After two years mired in a pile of crap that was obviously intended to be self-documenting and just as obviously has failed in doing so, I think I have some fairly strong arguments against this philosophy. Self-documenting code is no less prone to documentation decay than any other form, but it is even harder to sort out what the code does than does bad documentation. I assert that inaccurate documentation is as easy to determine as decayed code.
Lack of architecture documentation leads to a mess of an architecture. An object that was supposed to represent connection settings for one machine became God- it's part static, part instance, with some singleton-related behavior invoked when particular instance methods are called. 93% of the 180+ codefiles call directly into it, and every variable or interface it exposes is consumed somewhere, if only in one place. It no longer has any coherent function; I can identify about three or four classes it should be split into, but it's going to be a hell of a task to disentangle them. And disentangle them I must, because two of those theoretical classes need a completely different implementation strategy, for reasons mostly related to what happened to the Windows security model. Some of these decisions were justifiable when the project was designed ten years ago, but they should have been refactored out when they became dangerously wrong.
Would documentation have helped this? Possibly. If the class had a defined scope, than maybe the cross-machine driver installation and connection functions would have been identified as not within it, and this wouldn't be nearly so nightmarish to untangle. If there was real API documentation, and there was any intent to maintain it, maybe implementors wouldn't have been so cavalier about adding new functionality exposing data that really needed to remain private to the object for a variety of consistency reasons.
But that's an assertion that documentation itself would have reined in the project; I have little hope for that. But if documentation had at least been in the code, maybe it wouldn't have taken me several months to trace- the intent of some of these truly mysterously-named classes would have made a little bit of sense. And at least when documentation is wrong, it's usually wrong about something immediately below it; when the name of a function is wrong, I have to trace into the function to discover that it is horrifyingly wrong.
My best example: In a class that can be described as a Collection of Collection of Collection of DataTypeNamedPairEvenThoughItContainsNin
Despite this function returning a VarPairGroupCollection, and the one you would expect, it was also an initialization function that called a context-sensitive mutator on every object enclosed by the class.
I, for one, do not think a function named "Get" should be an O(n2) operation that alters all the data within the class, for which the program will not work if it is not called at a specific time, and which can corrupt program state if it is called during another operation that can occur on a parallel thread and only hasn't because of the grace of the scheduler. (And, to be fair, because the scheduler would have to make some truly ludicrous decisions for it to ever show up.)

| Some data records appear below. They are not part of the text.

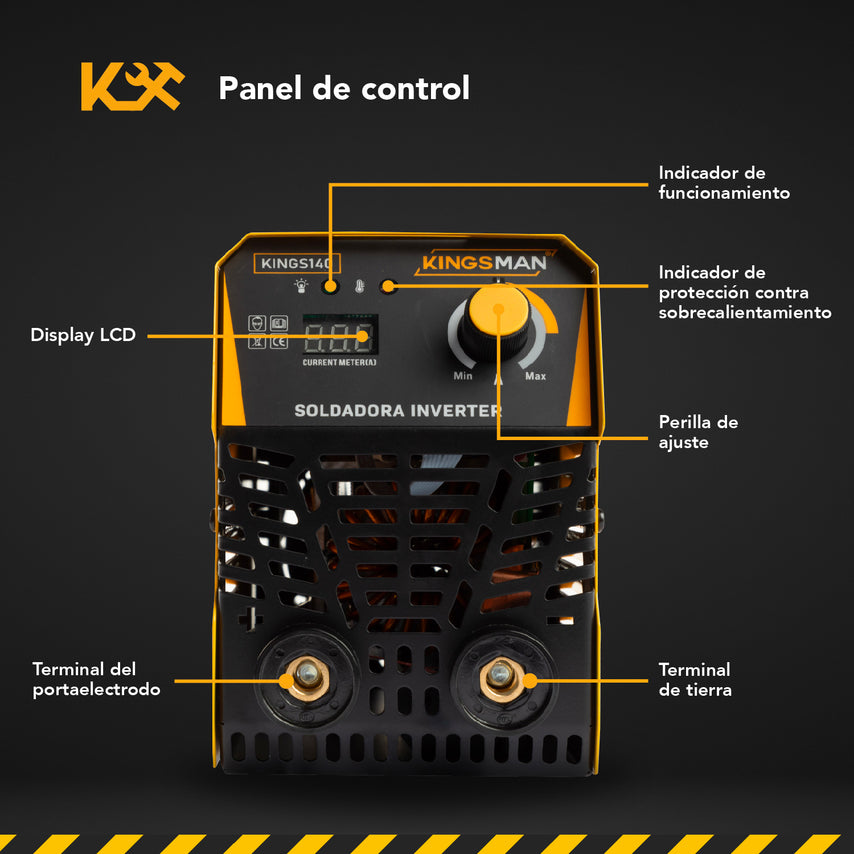 Soldadora Inverter Doble Voltaje 130 amp 110/220v 60Hz  + Accesorios Modelo KINGS140 Kingsman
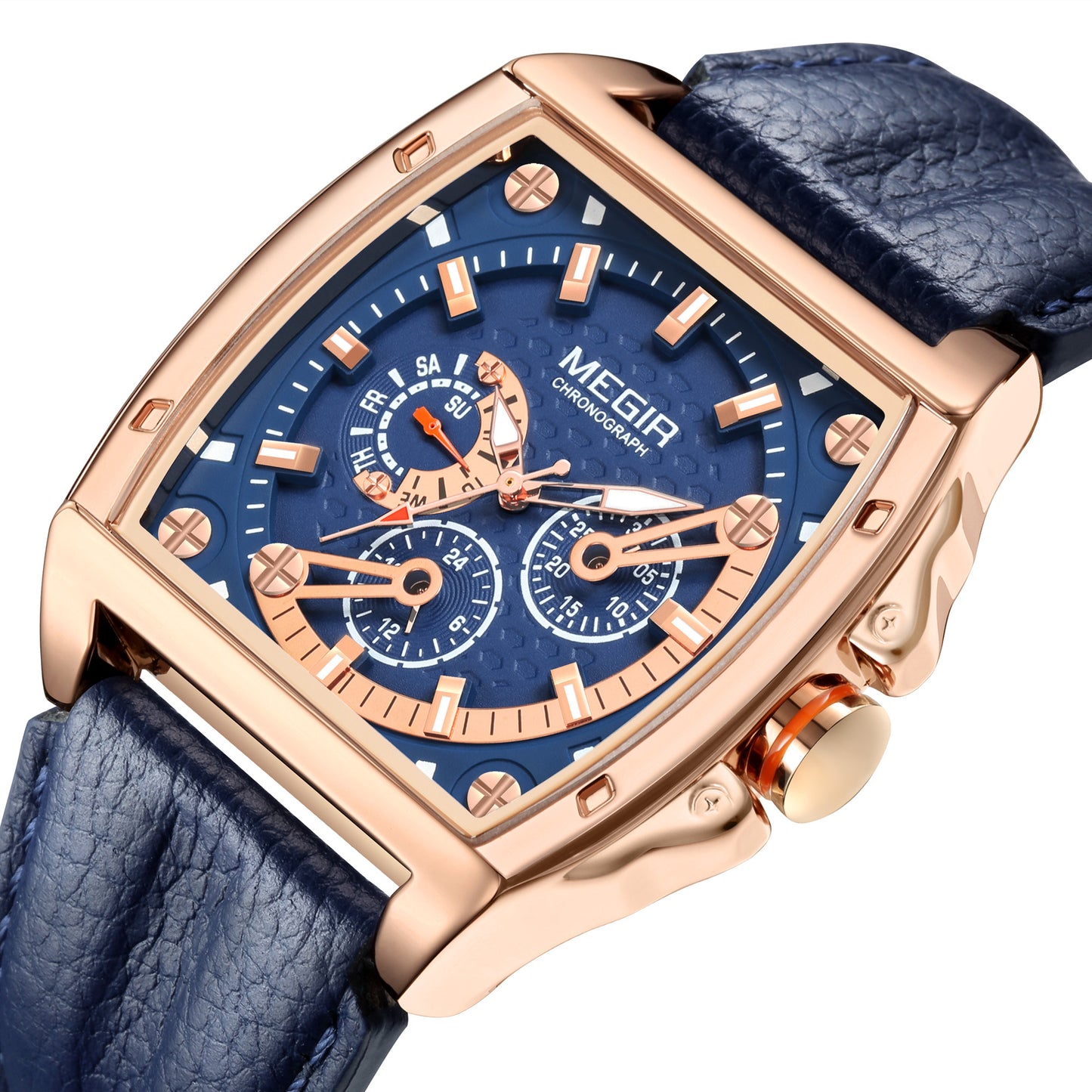 MEGIR Fashion Mens Watches Brand Luxury Waterproof Military WristWatch Leather Sport Quartz Date Weeds Clock Reloj Hombre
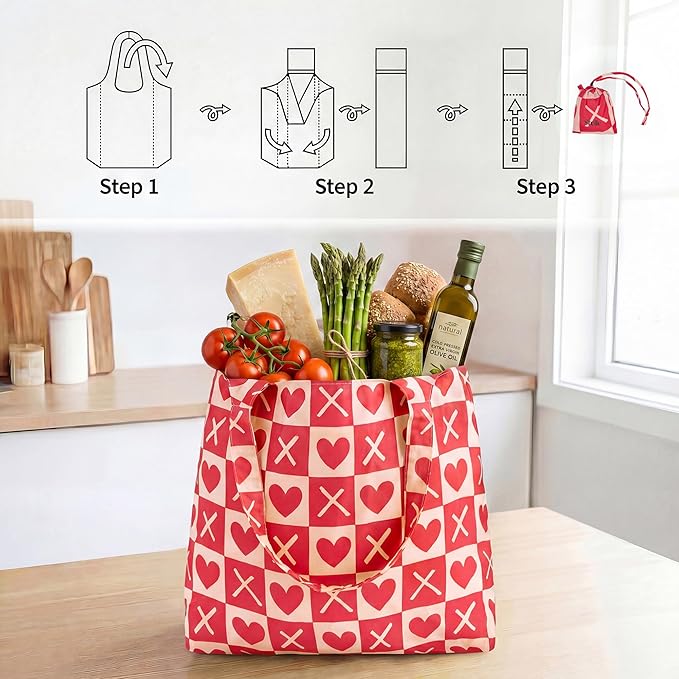 Stelle Lightweight Reusable Grocery Bag with Handles Ripstop Nylon Foldable Tote Shopping Bags for Travel and Groceries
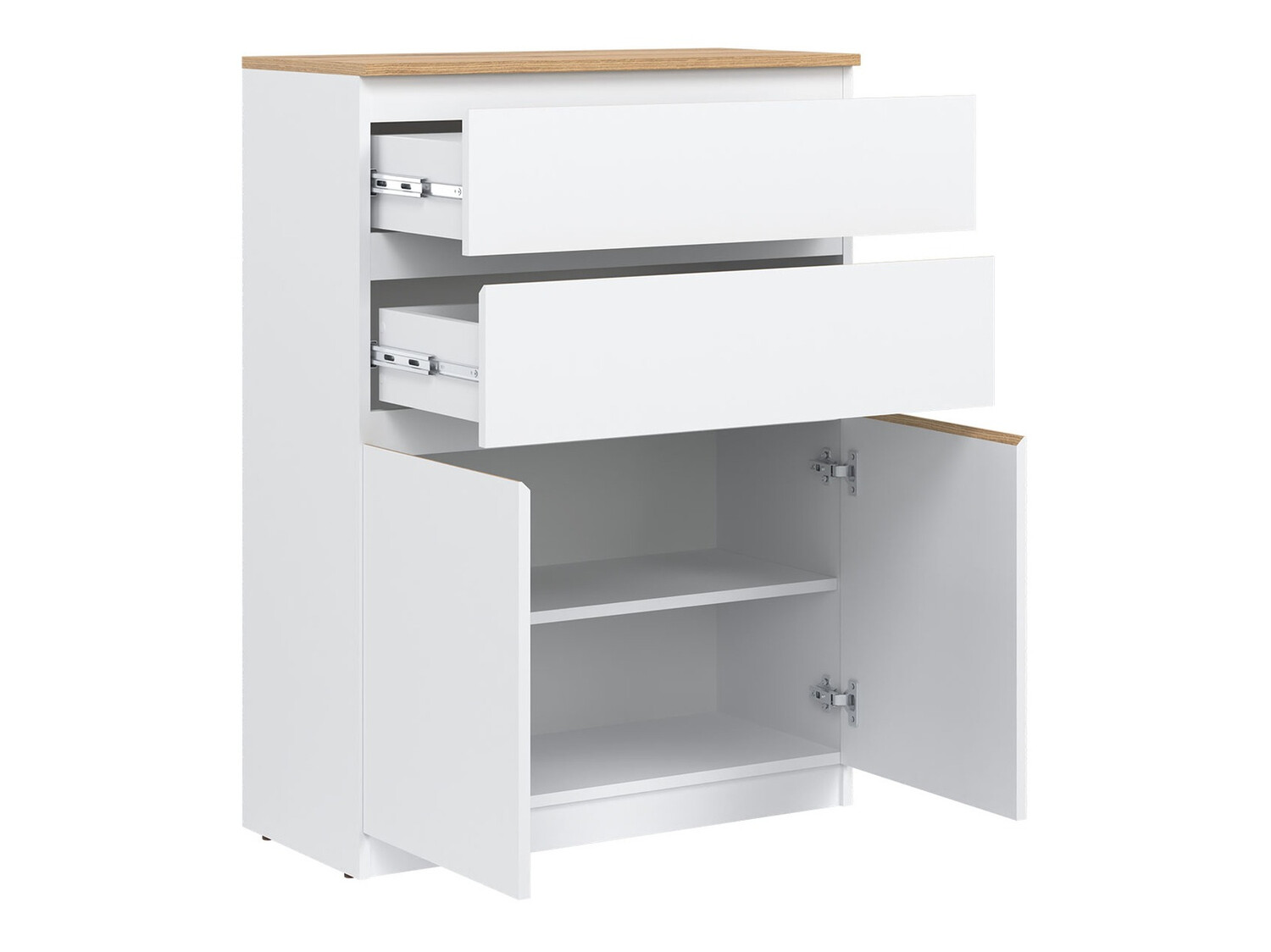 Commode Catelbi 104 (Blanc + Chêne)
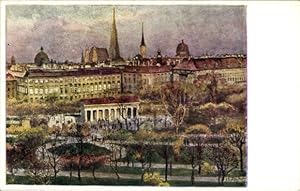 Künstler Ansichtskarte / Postkarte Hofecker, E. F., Wien 1 Innere Altstadt, Blick auf den Volksga...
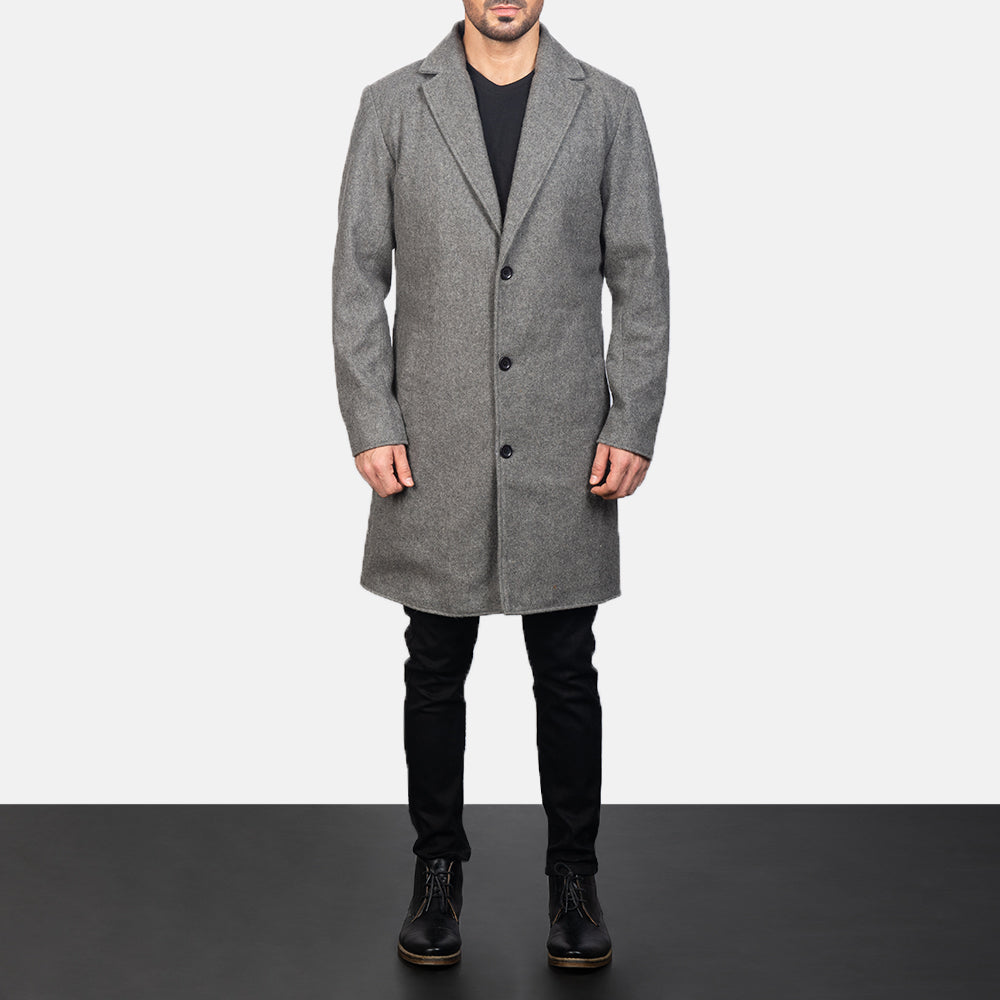 
Petrillo Grey Wool Single Breasted Coat - Lateral Side Profile View Showing Sleeve Cut & Athletic Taper Fit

At least incorrect comments are honest. They are a red flag that the code is untrustworthy. The same is true for incorrect function names- the documentation in self-documenting code- but they are much, much harder to find, and even understanding the variable names in the first place requires some significant degree of the programmer's mindset, which can be impossible to attain without some other documentation to help.
sleepy
2009-12-27 04:15 pm (UTC)
Ow.
2009-12-27 08:46 pm (UTC)
The documentation problems you're having sound like death by iteration. My mental narrative runs something like this:*
1) Project X started out simple enough. Specs were drafted, meetings were called. Heads nodded, and the star programmer bolted from the room to write a brief skeleton design. This skeleton would soon become the first official revision.
Perhaps a few releases would ship against this functionality. After all, X is just so simple!
2) As time progressed, new requirements and assumptions crept in that eventually broke X. Phones rang, orders hurried out. Peering into the code for the first time in years,** it became clear that X needed to be refactored.
3) Instead of slowing the process down and updating each spec, someone caved and decided the changes would also be trivial. The next coder was then tasked with grafting in the required functionality.
4) Repeat 2) and 3) n times. For each run, increase complexity by one order of magnitude.
... thus leading us to today.
There are many red flags I could address, especially the lack of API documentation, propagation of broken windows, and fact comments should describe why, not how.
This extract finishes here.